ACTIVITY
Word for word, copy out every line of the records, omitting each picture.

RECORDS SUPPLIED
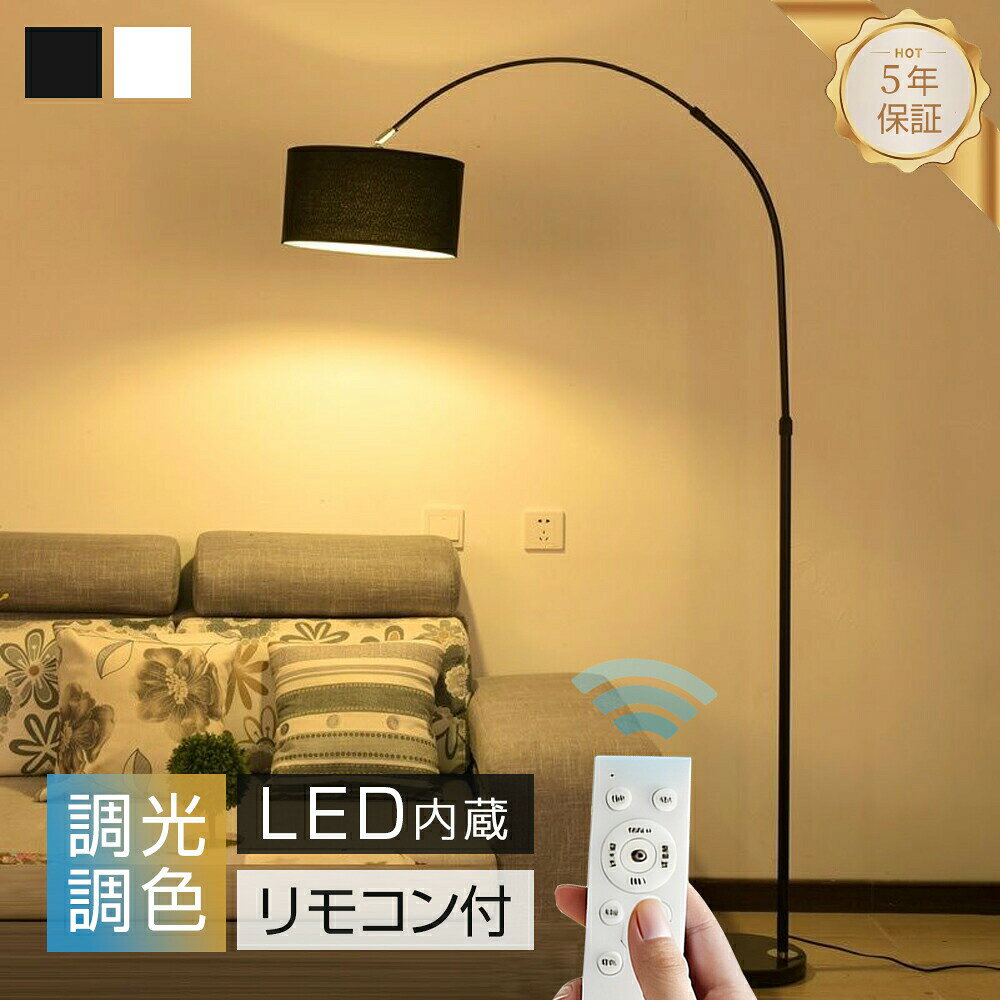 商品画像1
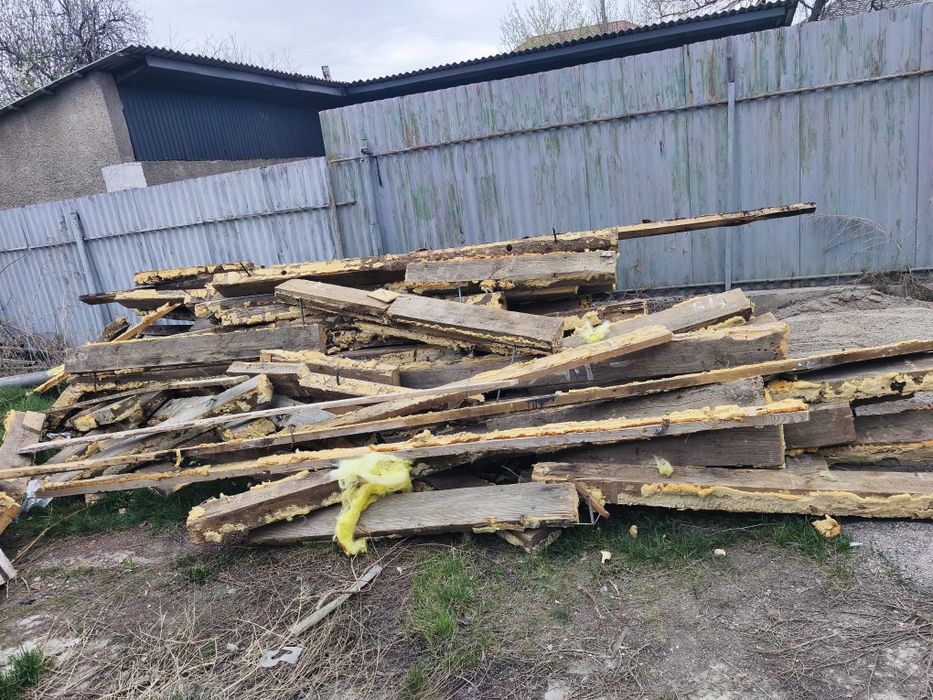 Брус бу.недорого.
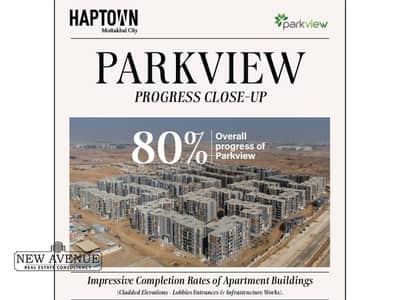 شقة 2 غرفة نوم للبيع في مدينة المستقبل، القاهرة - IMG-20251105-WA0088. jpg شقة 2 غرفة نوم للبيع في مدينة المستقبل، القاهرة - IMG-20251105-WA0088. jpg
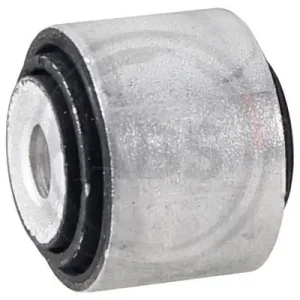 Bestseller Silentblok wahacza A.B.S. 271529 7L0505554 VOLKSWAGEN, AUDI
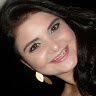 Hadria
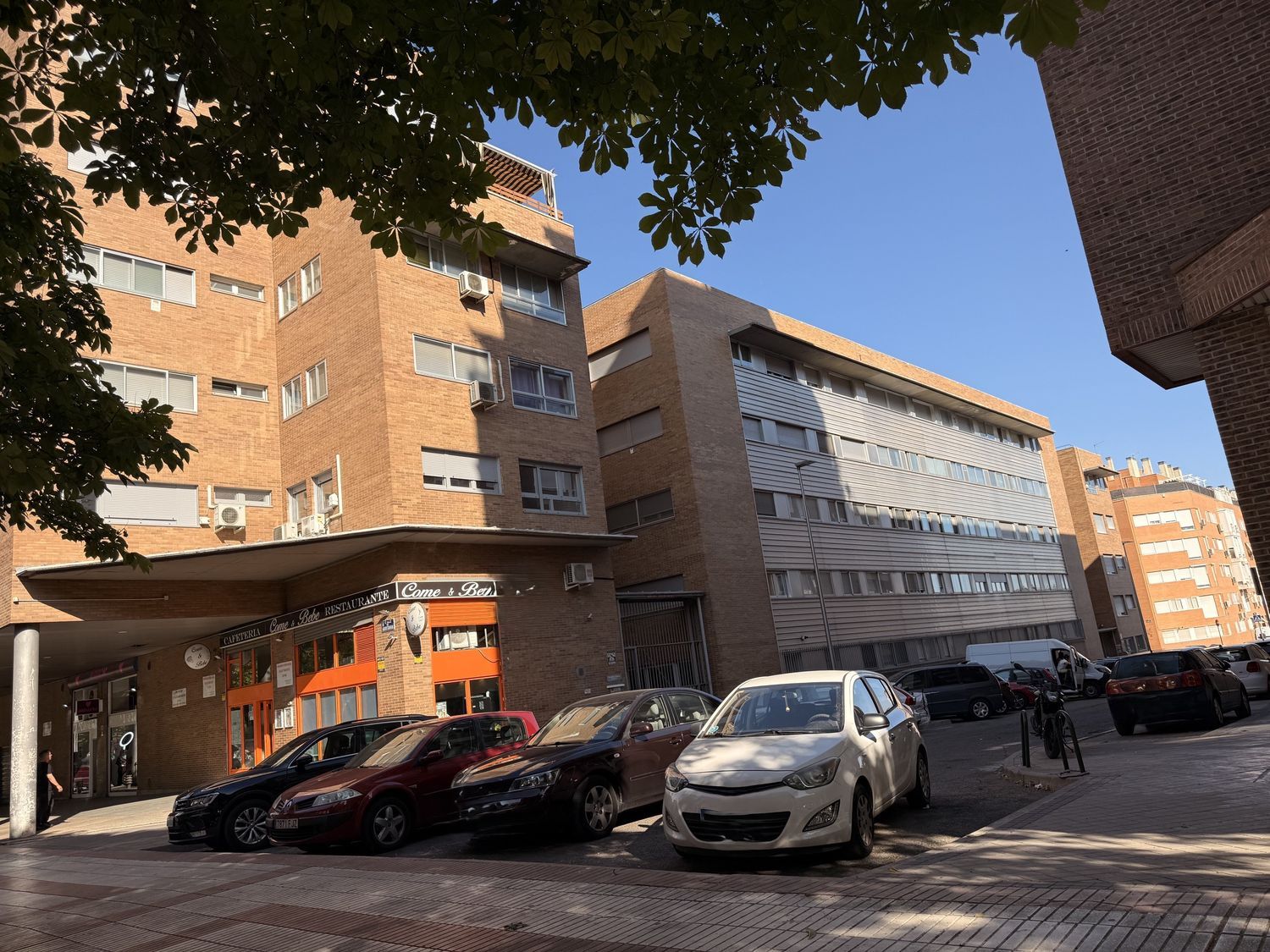 Piso en Calle de la República Eslovaca, 24, Arcos - Foto 5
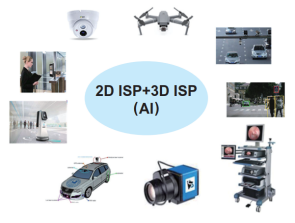 ec1ac4ee40f942d398914b2551214836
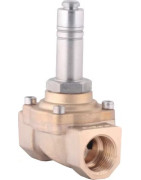 Vakuminiai vožtuvai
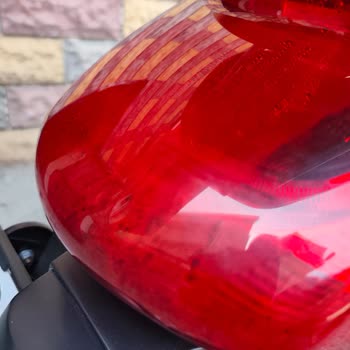 Garanti Kapsamındaki Motorun Stop Arızası Ve Belirsiz Servis Süreci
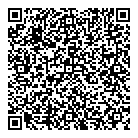 QR код "Romessence"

WORKED SOLUTION
 商品画像1
 Брус бу.недорого.
 شقة 2 غرفة نوم للبيع في مدينة المستقبل، القاهرة - IMG-20251105-WA0088. jpg شقة 2 غرفة نوم للبيع في مدينة المستقبل، القاهرة - IMG-20251105-WA0088. jpg
 Bestseller Silentblok wahacza A.B.S. 271529 7L0505554 VOLKSWAGEN, AUDI
 Hadria
 Piso en Calle de la República Eslovaca, 24, Arcos - Foto 5
 ec1ac4ee40f942d398914b2551214836
 Vakuminiai vožtuvai
 Garanti Kapsamındaki Motorun Stop Arızası Ve Belirsiz Servis Süreci
 QR код "Romessence"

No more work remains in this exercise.